Christopher Nolan’s infatuation with the inner workings of time has been at the forefront of his filmography since his very first feature, 1998’s Following, a film told out of order. Nolan’s breakout hit, Memento, a film told in reverse chronological order, was a breakthrough in narrative storytelling. Even his WW2 epic, Dunkirk, was told in three intersecting timelines unfolding over a day, a week and an hour. Finally, with his latest film, the high-octane action thriller, Tenet, Nolan takes his obsession to a whole new level.
To say you’ve never seen a film like Tenet, is to put it mildly. Imagine the mind-twisting narrative of Memento mixed with the action spectacle of Inception, but through an insane acid trip of quantum mechanics and espionage. It’s best to skip any description of the plot as its secrecy is part of the fun, but also to describe what happens in this film would be a daunting task for anyone. Essentially, Nolan treats Tenet as his homage to the Connery/Moore era Bond films, with some heavily overt nods, but through his massive-scale genre lens.
The intense cerebral intricacies of the plot are bound to be too much for some film-goers, especially given this is likely the first time most will have trekked to the cinema in at least 6 months, but for those who are able to follow Nolan’s gargantuan narrative, there are plenty of details to relish in.
John David Washington stars as a character we only know as “The Protagonist”. Washington, in his first starring role since 2018’s BlackKklansman, makes huge marks as an action star with a demanding physicality not seen in most a-list action films. Sure, we have Dwayne Johnson, Jason Statham and Henry Cavill as bruting forces on the big-screen, but Washington’s closest comparisons come from the likes of Keanu Reeves, Charlize Theron and even Tom Cruise. The swift, precise agility in Washington’s performance is a sight to behold, especially in some of the film’s more outlandish action sequences.

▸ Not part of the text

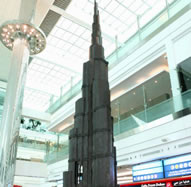 Dubai International has unveiled the world's tallest structure in chocolate, a 44.2 feet tall model of the world's tallest skyscraper Burj Khalifa. The chocolate replica tower, a creation of the master chocolatier Andrew Farrugia, was unveiled at Dubai International Airport as part of celebrations for the 43rd UAE National Day.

Robert Pattinson is perfect as Washington’s best friend and partner, Neil. Nolan perfectly utilizes Pattinson’s suave charisma and impeccable charm to help deliver some of the films most thrilling moments, but also some of the funniest. Both Washington and Pattinson have an irresistible chemistry with one another, filling in some of the emotional void left in Nolan’s screenplay.
Elizabeth Debicki, who gives an expectedly great performance here, falls victim to the usual Nolan “femme fatale” archetype. Debicki’s “Kat” is the least interesting of those characters in Nolan’s oeuvre. The role is more than a damsel-in-distress, but if you’re familiar with Nolan’s past work, you’ll see right through the character.
Reuniting since their first collaboration in Dunkirk, Kenneth Branagh heartily chews the scenery — often a bit too much — as the films villain, Andrei Sator. The character is derivative of the more cartoonish Bond villains, but Nolan does make attempts at fleshing him out as more than a stereotypical baddie. It doesn’t amount to much, but Branagh is engaging nevertheless.
Aaron Taylor-Johnson is given his best role since his Golden-Globe winning turn in Nocturnal Animals as a fellow soldier aiding Washington and Pattinson in their quest to prevent the possible extinction of the human race. Johnson proves that with more personality and character than his role in 2014’s Godzilla, he really can be a compelling star. Usual Nolan cohort and Oscar-winner Michael Caine makes a brief but welcome appearance as a secret figure in Washington’s quest — and the audiences’ for that matter — to understand the complex, trippy world he is about to embark in.
Tenet is filled to the brim with exhilarating spectacle that only Christopher Nolan knows how to deliver. This is some of the auteur’s finest action set pieces of his career up to this point. Shot by DP Hoyte Van Hoytema (Interstellar, Dunkirk) who utilizes a perfect blend of 70mm and Imax film, Nolan shakes up his normal eye of action filmmaking with a mixture of styles.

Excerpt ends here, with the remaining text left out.